Understanding why the BoC cut, the risks they've taken on, and what could motivate another jumbo cut at the next meeting

Why the next BoC cut could be 50 basis points 

The Bank of Canada’s decision to cut interest rates by a further 25 basis points yesterday might have been widely expected, but it came in the context of a tariff threat already wreaking havoc on the Canadian economy. In the decision announcement, the Bank of Canada explicitly cited tariffs and the damage already done by uncertainty around their scale, scope, and timing. It’s a threat that leaves the BoC treading a difficult line between the growth shock and potential short-term inflationary impact that tariffs could have. One analyst, though, says that we can now expect a clear bias towards growth in BoC policy.  
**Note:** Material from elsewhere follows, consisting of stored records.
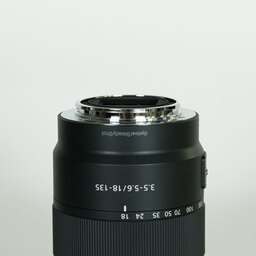 SONY E 18-135mm F3.5-5.6 OSS SEL18135
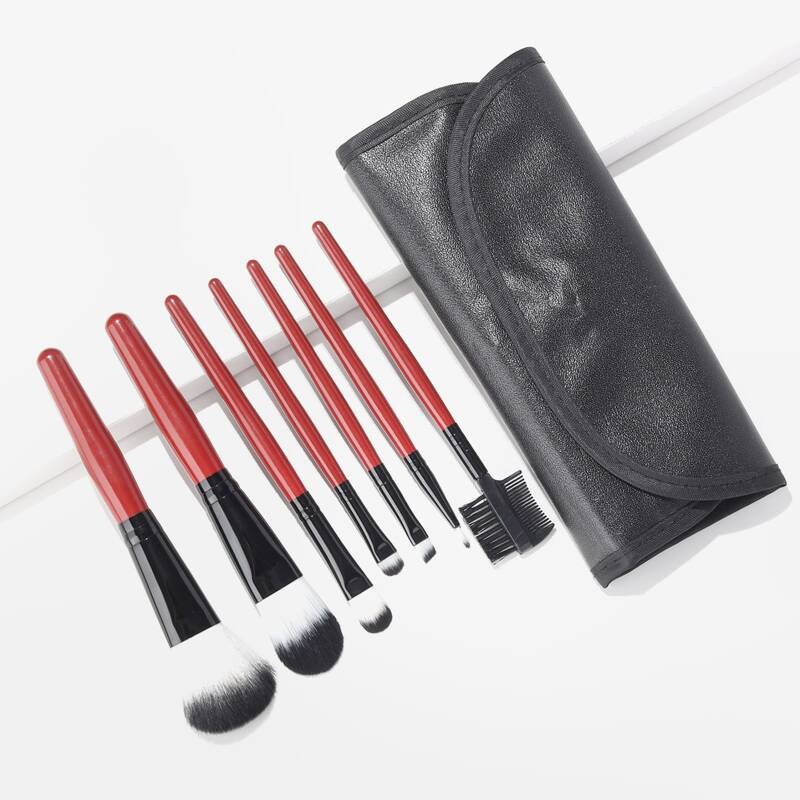 

7pcs Makeup Brush Set With Storage Bag, Red
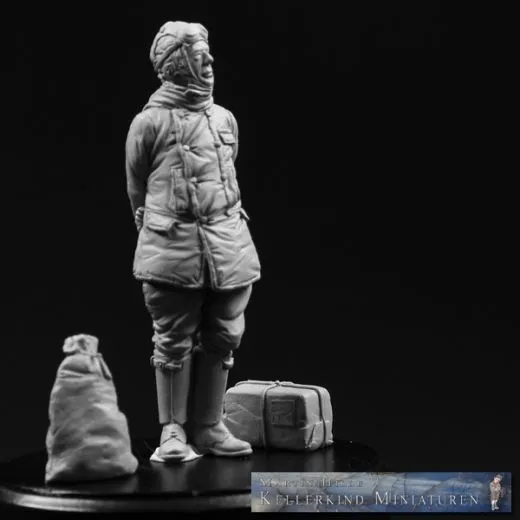 Deutscher Pilot mit Postsack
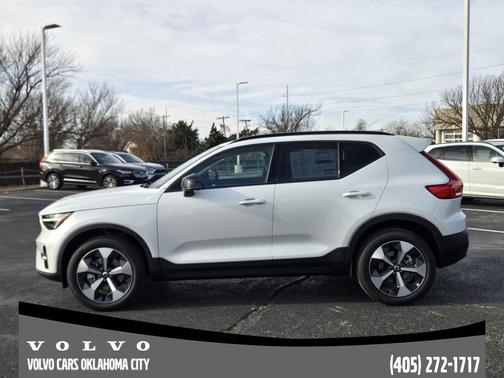 Crystal White 2026 Volvo XC40 B5 Plus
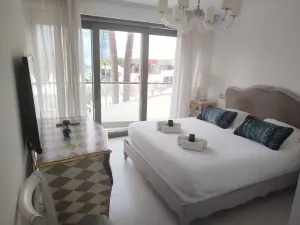 Charming 2-Bedroom Apartment on La Croisette - Cannes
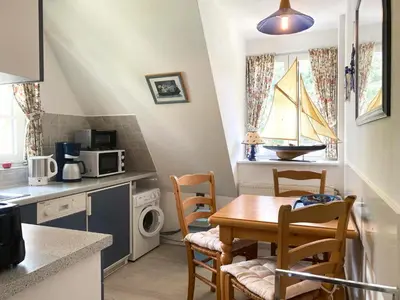 Küche/Küchenzeile in der Unterkunft Achtern Diek 7b - Wohnung 8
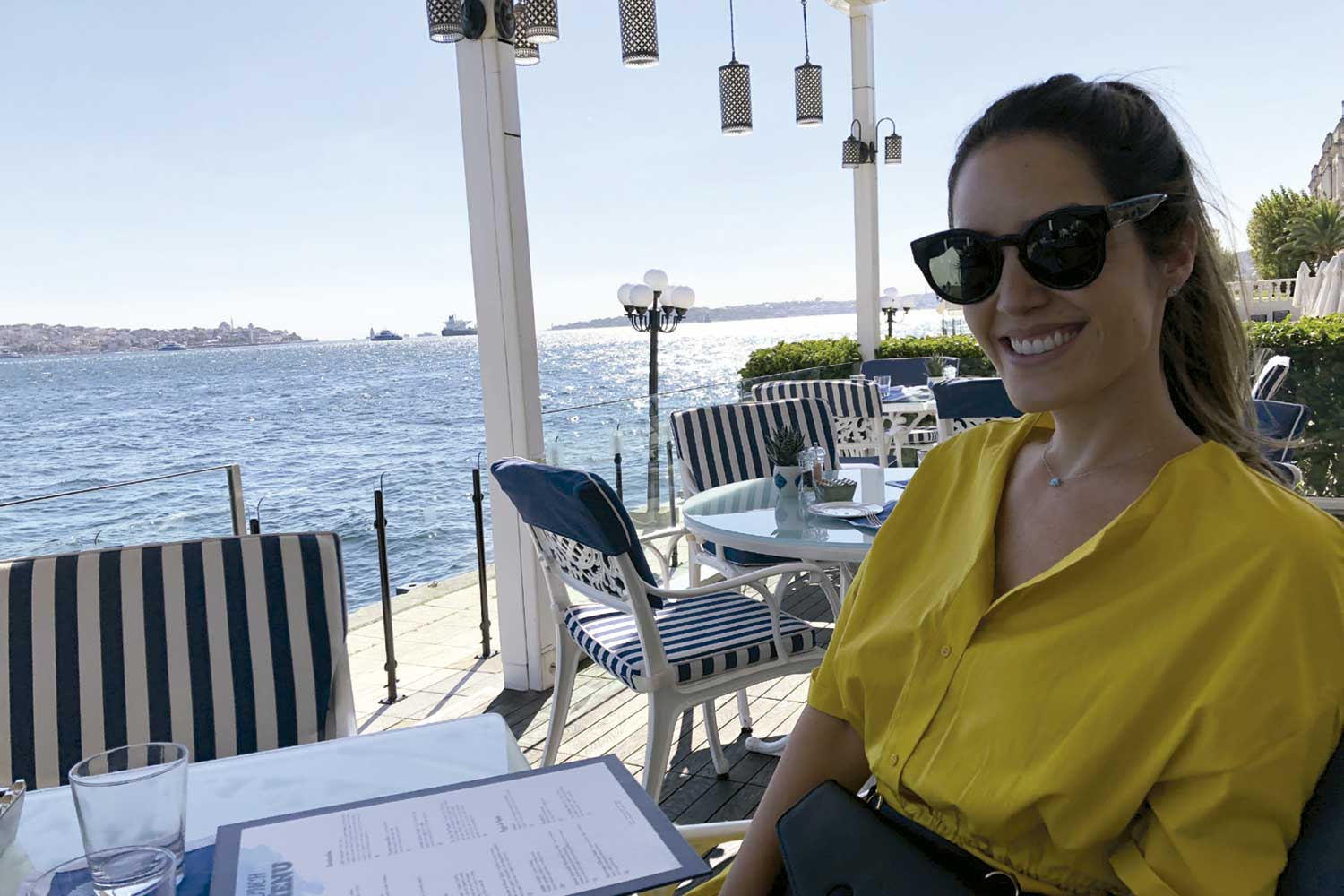 Drinks em frente ao Bósforo no Hotel Kempinski Ciragan, em Istambul - Foto: Arquivo Pessoal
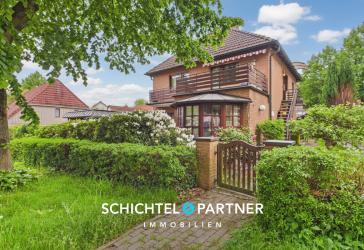 Achim-Zentrum | Freistehendes Ein- bis Zweifamilienhaus mit Garten & Carport
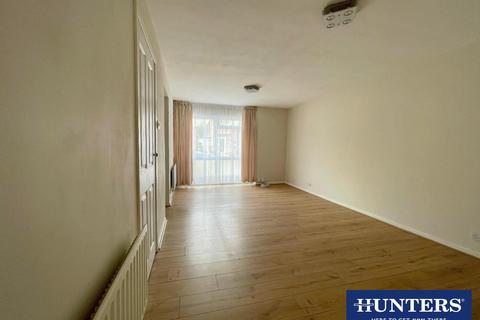 2 bedroom flat to rent, Hampton Road, Worcester Park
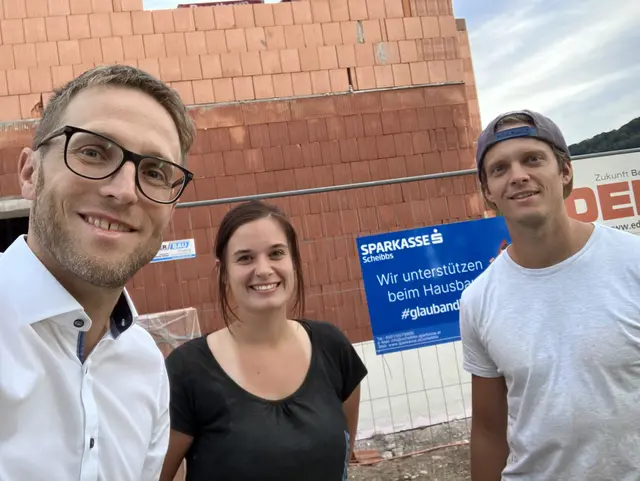 Wohnbauberater Andreas Schagerl von der Sparkasse Scheibbs (l.) berät seine Kunden im Bezirk Scheibbs.  | Foto: Sparkasse Scheibbs AG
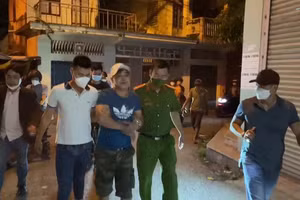 Lực lượng chức năng bắt giữ Trần Ngọc Duy. 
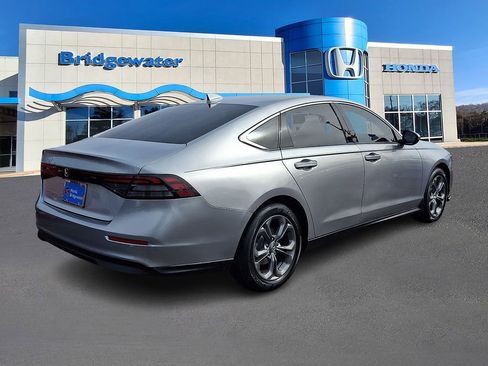 Used 2024 Honda Accord EX image 6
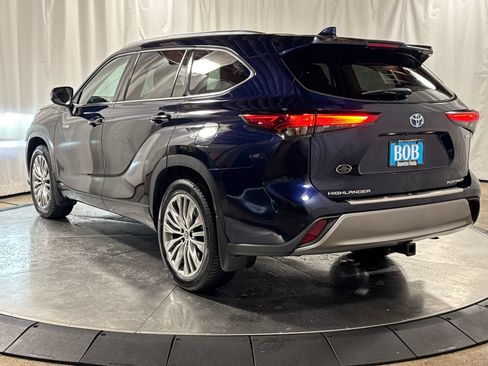 Used 2021 Toyota Highlander Platinum AWD/4WD image 8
BeiChen Lin, senior investment strategist and head of Canadian strategy at Russell investments, explained why the BoC elected to cut again yesterday. He highlighted the tariff threat in the context of other motivations for this tariff cut. He explained some of the risks that the central bank may be taking on, including inflation and a weaker CAD, while driving home the view that BoC Governor Tiff Macklem appears willing to take those risks on. If the trade war persists, Lin says, investors may come to expect a larger cut than is currently being priced in by bond markets.  
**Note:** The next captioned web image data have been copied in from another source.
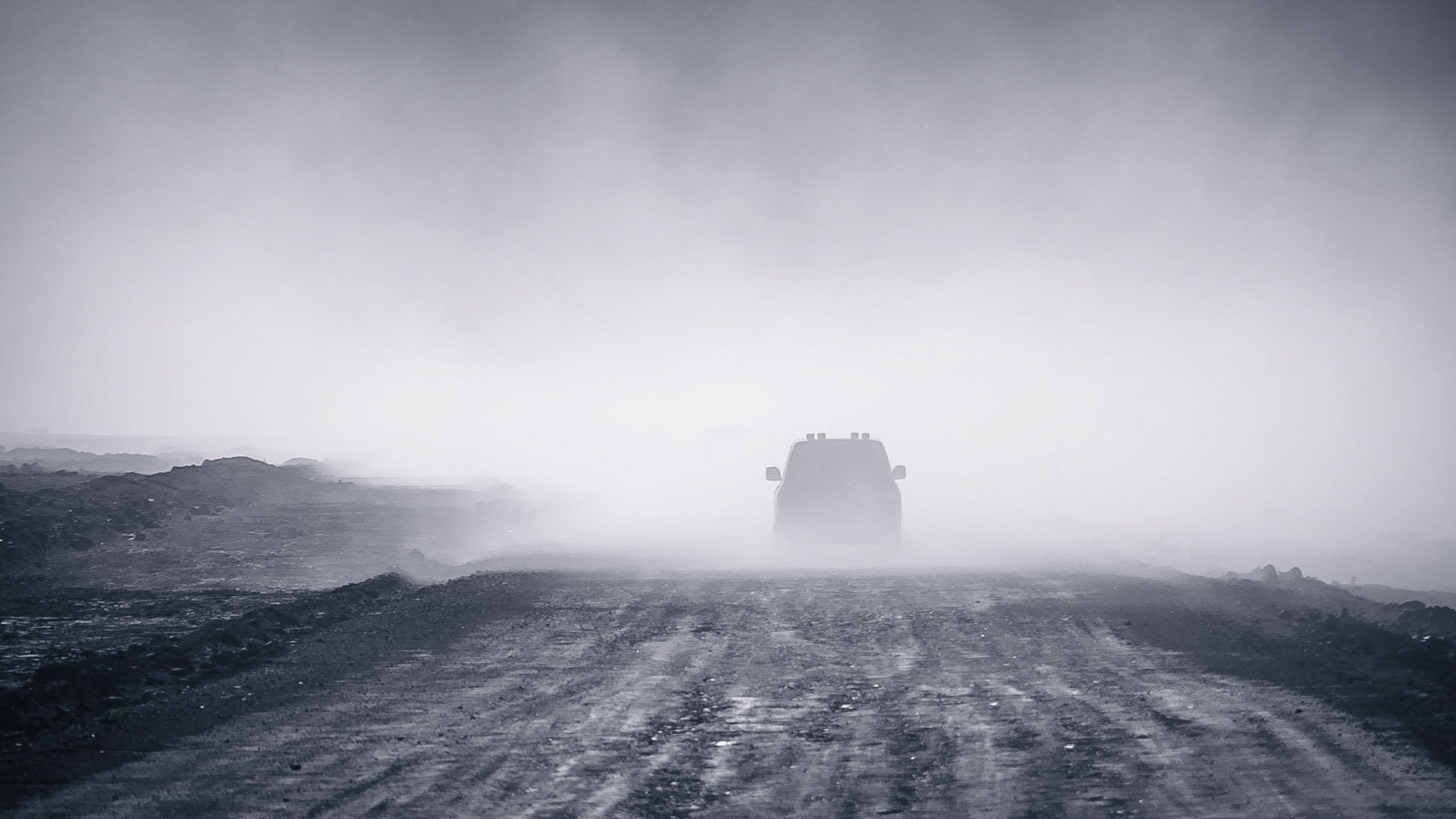 Un vehículo de asistencia en el desierto de Atacama, Chile.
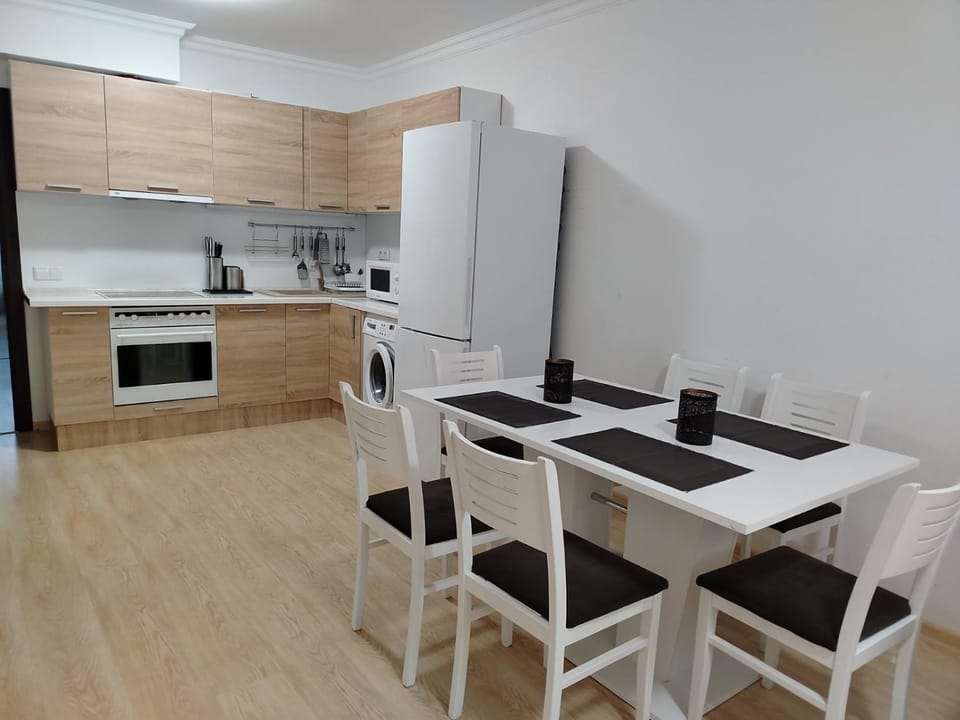 Kitchen or kitchenette, Dining area, oven, stove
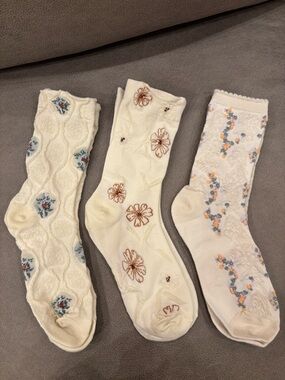 Women’s Floral Embroidered Crew Socks - Cream (3-Pack)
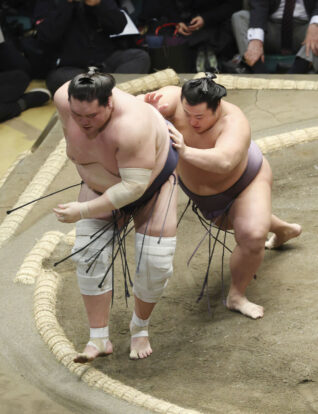 Tobizaru expulse Terunofuji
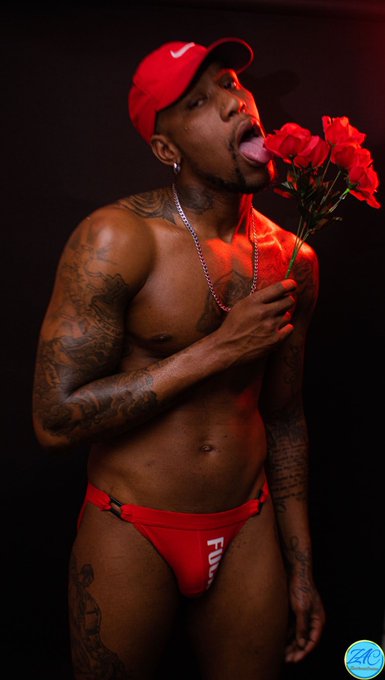 Love me or hate me envy me lust me Either way it&rsquo;s still me for me!!! https://t.co/T0gJH165l2<a href="/tag/dallas"class="tags"><span>#dallas</span></a><a href="/tag/poolside"class="tags"><span>#poolside</span></a><a href="/tag/masculinebottom"class="tags"><span>#masculinebottom</span></a>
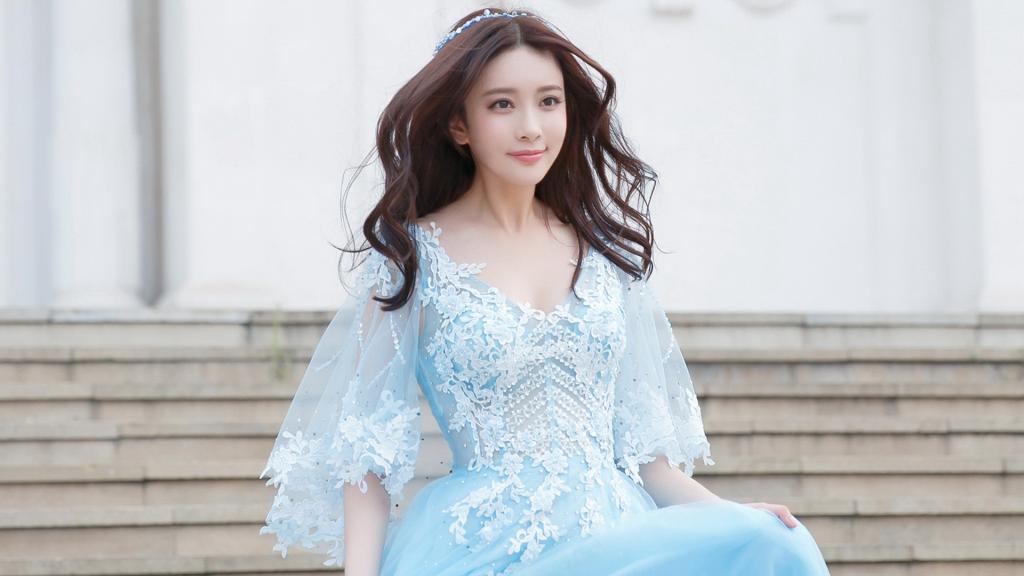 女演员孟子义写真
“We believe that if these tariffs were in place for a protracted amount of time, it could cause the Canadian economy to most likely tip into a recession. So I think that the Bank of Canada is going to be data dependent, but also at the same time, given the elevated amount of economic risks, I also think that the Bank of Canada might have to cut rates by more than what the market is currently anticipating,” Lin says. “If you look at the pricing for April markets right now, are debating, do they need to cut in April or stay on hold? But I think the better question is, do they go by 25 basis points, or 50 basis points?”  

Beyond the tariff threat that seems to have spurred this cut, Lin notes that the Canadian economy was already on somewhat fragile footing. While Q4 headline GDP growth numbers surprised to the upside, the unemployment rate is still 1.5 per cent above its 2023 lows and February jobs numbers showed stagnancy. While tariffs have played a key role in yesterday’s cut, the wider context of economic weakness factors in as well.  
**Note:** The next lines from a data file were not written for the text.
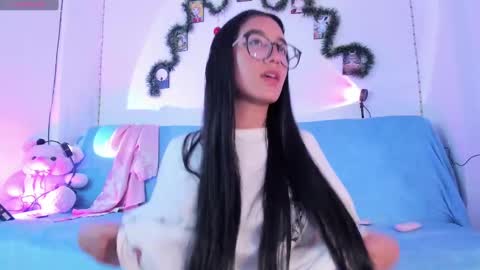 Luna  online show from December 31, 2:40 am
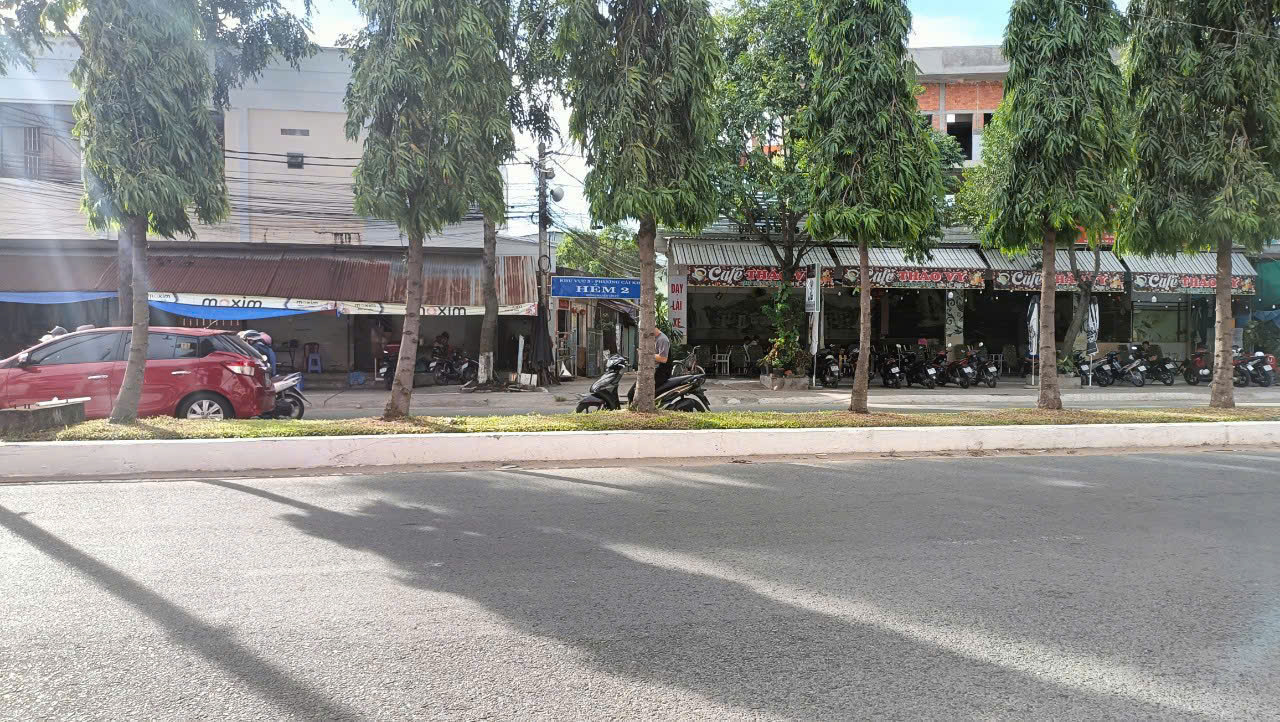nhà trống có 3 phòng ngủ kết cấu trệt gác đúc mỗi phòng 20m2 - Ảnh chính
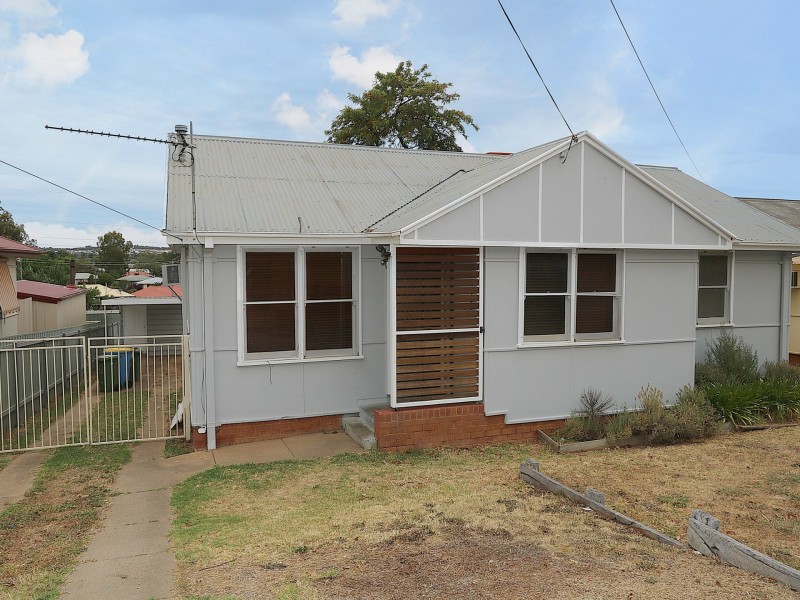 44 Gilmore Avenue, Mount Austin NSW 2650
In targeting the potential growth shock of tariffs with a cut, there is the risk of running inflation hotter. Tariffs inherently pose a dilemma for central banks as they can both weaken growth and cause an inflation shock. Lin notes, however, that tariff-induced inflation amounts to a one-off price increase rather than a trend towards higher prices. That shock would likely be absorbed in the medium and long-terms. He believes that this gives enough cover for the Bank of Canada to cut rates without undue worry about spiking inflation, especially as the Canadian economy risks falling into a recession — which tends to have a disinflationary impact. 

The other major concern cited as the Bank of Canada’s cutting cycle has continued is the weak state of the Canadian dollar, especially when compared to the US dollar. While CAD has borne the brunt of tariff impacts, the widening gap between US and Canadian monetary policy has also impacted CAD’s value against the USD. Lin, however, argues that the BoC’s focus is more on the stability of the dollar than on its strength against another specific currency.  

Lin acknowledges, however, that monetary policy is a uniquely unwieldy tool for managing the impact of tariffs, because of their dual hit to inflation and growth. He sees opportunity in the Canadian bond market, however, noting that the Bank of Canada is likely to make supportive decisions for Canadian bond prices simply because their focus will be more on growth than inflation.  

“You are unable to have a monetary policy that both supports growth, but at the same time also puts downward pressure on inflation,” Lin says, “If we do get a protracted trade standoff between Canada and the US, the Bank of Canada, unfortunately, is going to have to make this uncomfortable choice as to which of the two it wants to focus in on a little bit more. And from my perspective, I think even if there is a temporary rise in price levels as long as medium term and long term, inflation expectations are still well anchored. I think the Bank of Canada is going to focus in more on the downside risk to growth, rather than the potential for that temporary boost in price levels.”